# My little bunny



## SEAHUNT186 (Dec 24, 2004)

That's what I call her. I think I might need a few bats to keep the boys away when she gets older!!!


----------



## TXPalerider (May 21, 2004)

Beautiful............


----------



## SEAHUNT186 (Dec 24, 2004)

Thanks txpalerider!!!


----------



## Freshwaterman (May 21, 2004)

A *BIG* bat! I love the added touch of the floral headwear as well. She's a real cutie.


----------



## TXPalerider (May 21, 2004)

SEAHUNT186 said:


> Thanks txpalerider!!!


Your Welcome SeaHunt. If you find a good deal on those bats, let me know. I'm afraid I'm gonna need a few myself.


----------



## hunting dog (Aug 11, 2004)

Bats he!!. Better get you guns loaded. Great pic. You guys got some cuties there.


----------



## MT Stringer (May 21, 2004)

Steve, I don't know about a bat, but you really ought to think about carving a BIG whuppin' stick. Me thinkx you're gonna need one to run them boys off! 

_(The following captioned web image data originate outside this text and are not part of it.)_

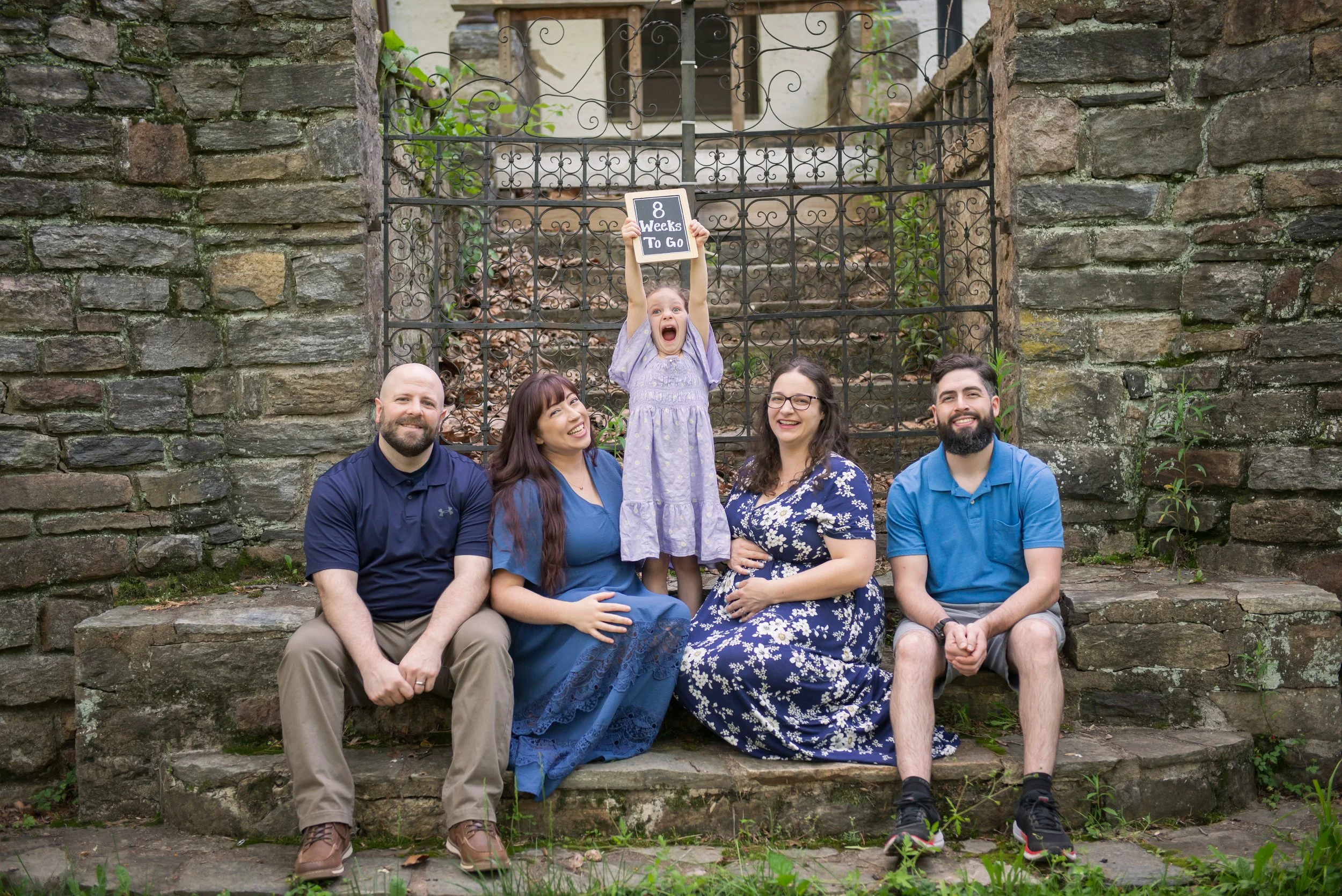 A family of five sitting on stone steps in front of a decorative wrought iron gate and stone wall, with a young girl standing between her parents holding a sign that reads '8 Weeks To Go', all smiling and looking happy.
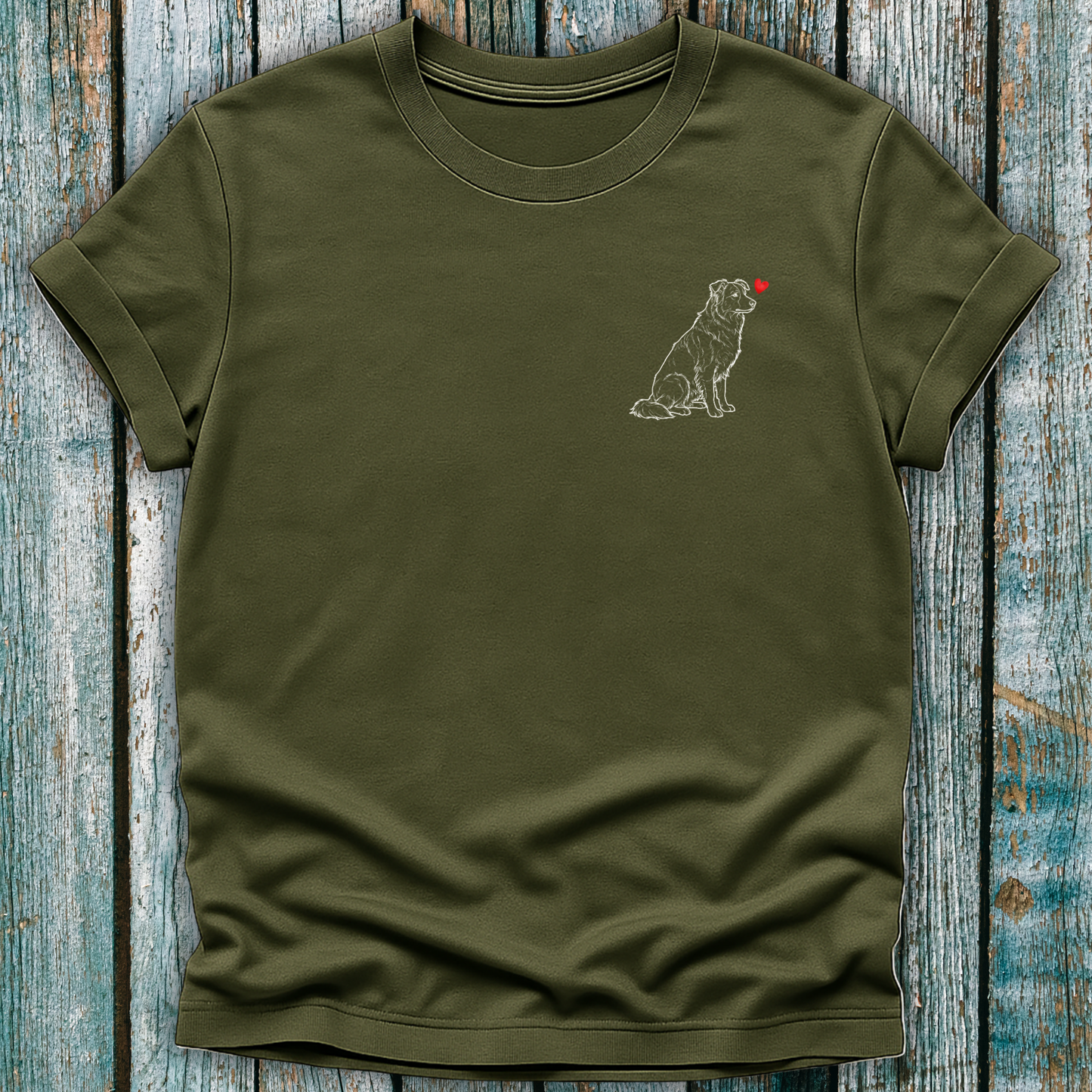 Green  t-shirt with a Greyhound dog graphic and a red heart on a wooden surface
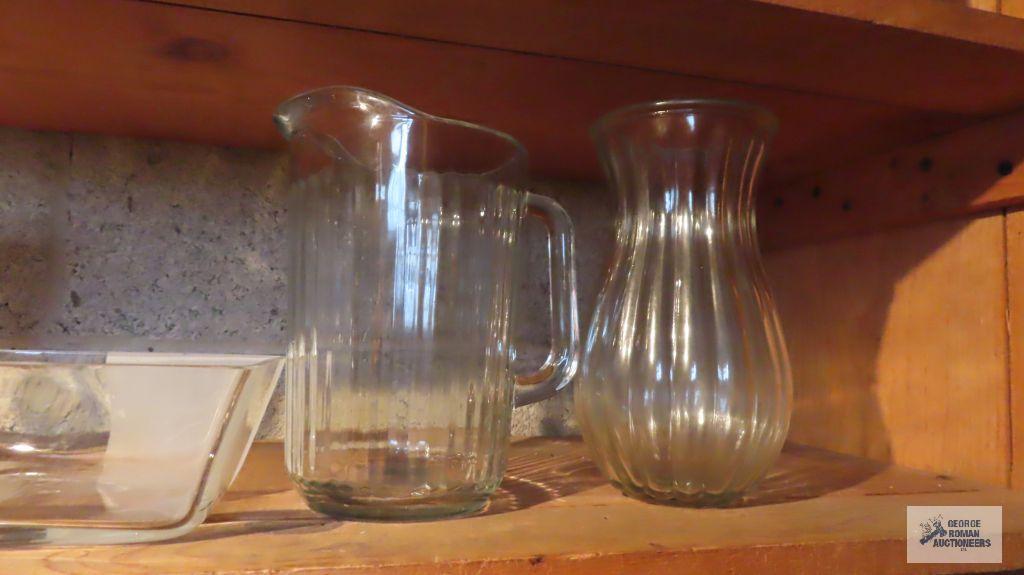 Lot of clear glassware including vases, pitchers, and etc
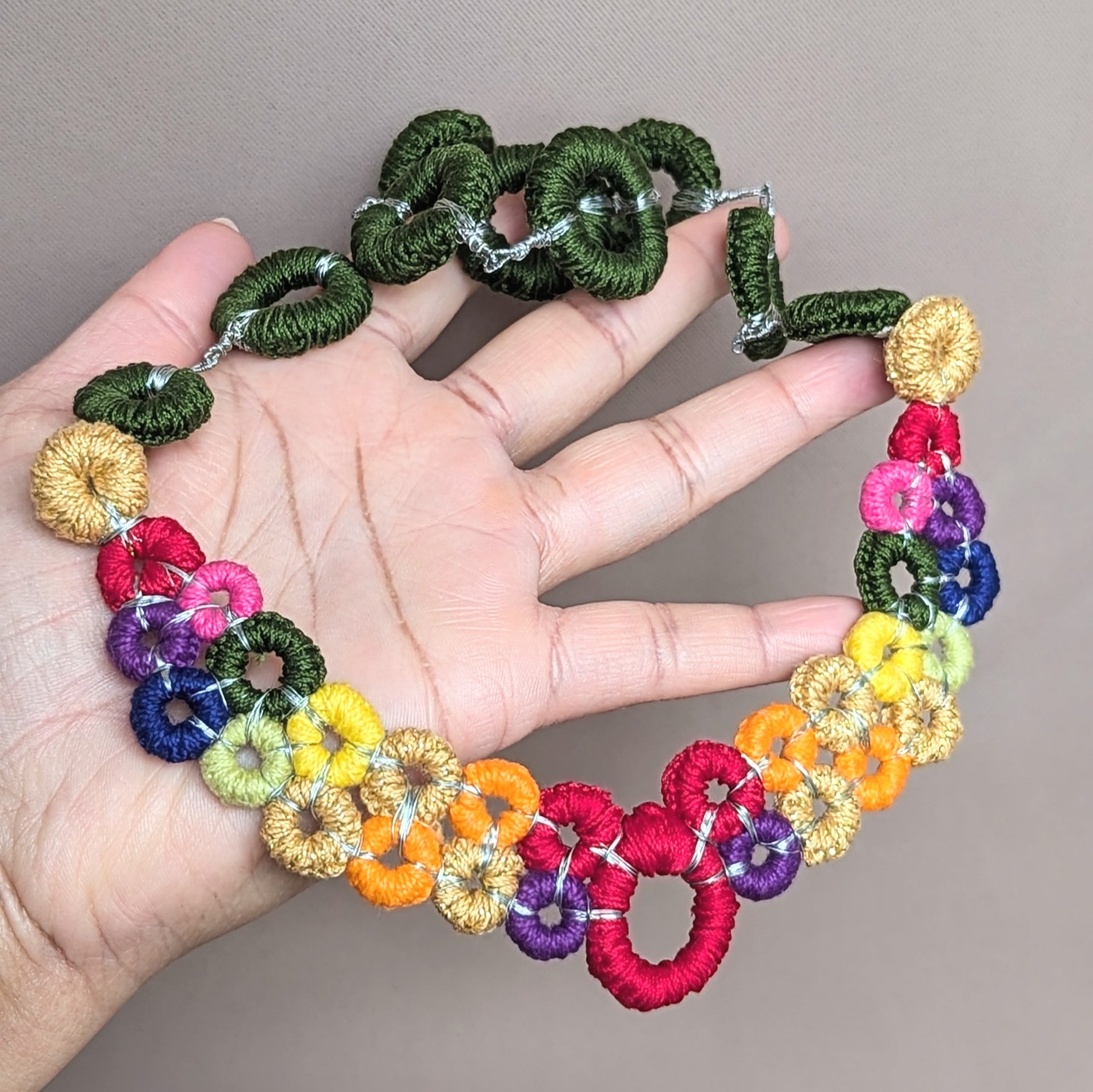 Rainbow centrepiece necklace resting in hand, featuring hand-crocheted circles and interchangeable chain design.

Just remember what the ol' man said..."If you pull up in front of the house and honk, you'd better be driving a UPS truck!" LOL

Mike


----------



## Bay Gal (Jun 1, 2004)

Those are some great pictures! Very nice photography work, and your subject is just adorable.


----------



## pelican (May 22, 2004)

hunting dog said:


> Bats he!!. Better get you guns loaded. Great pic. You guys got some cuties there.


Yup, I found a 20 gauge double barrell Ithaca sawed off to 18 inches worked great. I swear all I ever did was clean it while answering the door ... :rotfl:

I remember tellling one kid not to come back till he changed the oil in his hair. My daugher never did figure out why she never saw him again. 

Great pics ... enjoy them while they're young ...


----------